Granite City’s Economic Development Director Cathy Hamilton shares with attendees at the Oct. 25 inaugural Business Summit the city’s “unconventional” approach to economic development and how the numbers are showing strong results. (Melissa Crockett Meske/Illinois Business Journal)

“What we’re going to talk about today really is about our economic development program and how it’s different from anything else in the county. It’s also reflective of the goals of our new mayor’s administration and the vibrancy in the community that has started to be activated,” said Hamilton. She noted that what’s been happening is real cultural change, with a foundation from a strong mayoral structure, where economic development has shifted to “a market approach.”
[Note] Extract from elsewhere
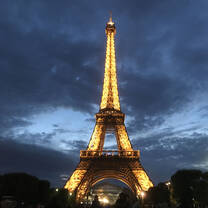 Eiffel Tower lit up at dusk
“I think the first thing you have to do when you talk about change is understand the election of 2021. The amount of energy and excitement and desire to change was tremendous. And you felt that throughout the election. You felt it from the residents. You saw it on the Facebook page. You saw it in the conversations and the ideas expressed to the mayor and the debates that were happening,” Hamilton said. 

“I was with the previous administration of Ed Hagenauer. And as an institutional person that had an office for the changeover, it felt like that. It felt like an innovation. The energy, the desire to change, the noble, smart approach to, we’re not going to do it that way, really, really shocked me through the organization. And that’s how it felt,” she added.

“Two of the phrases that were said at City Hall that we have now decided to hate is: I was told to do it that way, and we’ve always done it that way. And that’s not acceptable in City Hall anymore,” Hamilton said further. 

“Understanding the commercial real estate market in your community, and regionally, is one thing that is critical that I don’t think a lot of economic development communities do,” Hamilton pointed out. “Really having a broader perspective is how to be a better economic developer; we use that in Granite City.”

Hamilton noted the decade-long growth along the 270 logistics corridor as one example. The corridor has seen growth in the warehousing industrial parks located there, impacted by online sales and declining retail and with continued trending demand. 

She further highlighted Konzen Court and the sale of the city’s 23-acre lot, accompanied by the expansion and retention of existing businesses on-site and the leasing deals negotiated for the vacant former Anheuser Busch facility.

Hamilton also talked about the site of Vega Trucking on Schaeffer Road, formerly Lowe’s, and the reuse of its 110,000 square foot building. She noted that, while the majority of the 582,000 square feet of big box retail reuses in Madison and St. Clair County have ended up as storage unit facilities or other office space that does not generate sales tax revenues, Granite City has managed to attract/retain 223,000 square feet of its commercial space as sales tax generating, thereby able to continue supporting the infrastructure. 

Recent downtown Granite City development has brought with it long-term leases, Hamilton shared, as well as created a diverse tenant mix and small business growth. Further, the city’s efforts to acquire and clean up the 38-acre site with its 12,000 square foot building where Weber Auto & Truck Center is located helped to replace the sales tax revenues lost when the former Shop n’ Save and Lowe’s stores were gone.

The Nameoki Commercial Corridor has seen improvements through investments as well. Expansion of the enterprise zone to attract more tenants is also a part of that, as was the city working with property owners to align with code compliance.

Hamilton’s part of the Business Summit presentation concluded with a slide on the big screen that read: “Nothing matters if the community is not financially stable enough to provide the services necessary for a healthy business and residential community.”

As the Summit ended, Granite City Mayor Michael Parkinson shared some concluding remarks. Among them, he noted that the city was in the process of selling its wastewater treatment plant to Illinois American Water. “It’s not economically feasible for us to maintain it,” he explained, while adding that the sale will help fund the city’s pension fund debt currently being faced. 


This story also appears in the November 2023 print edition of the Illinois Business Journal.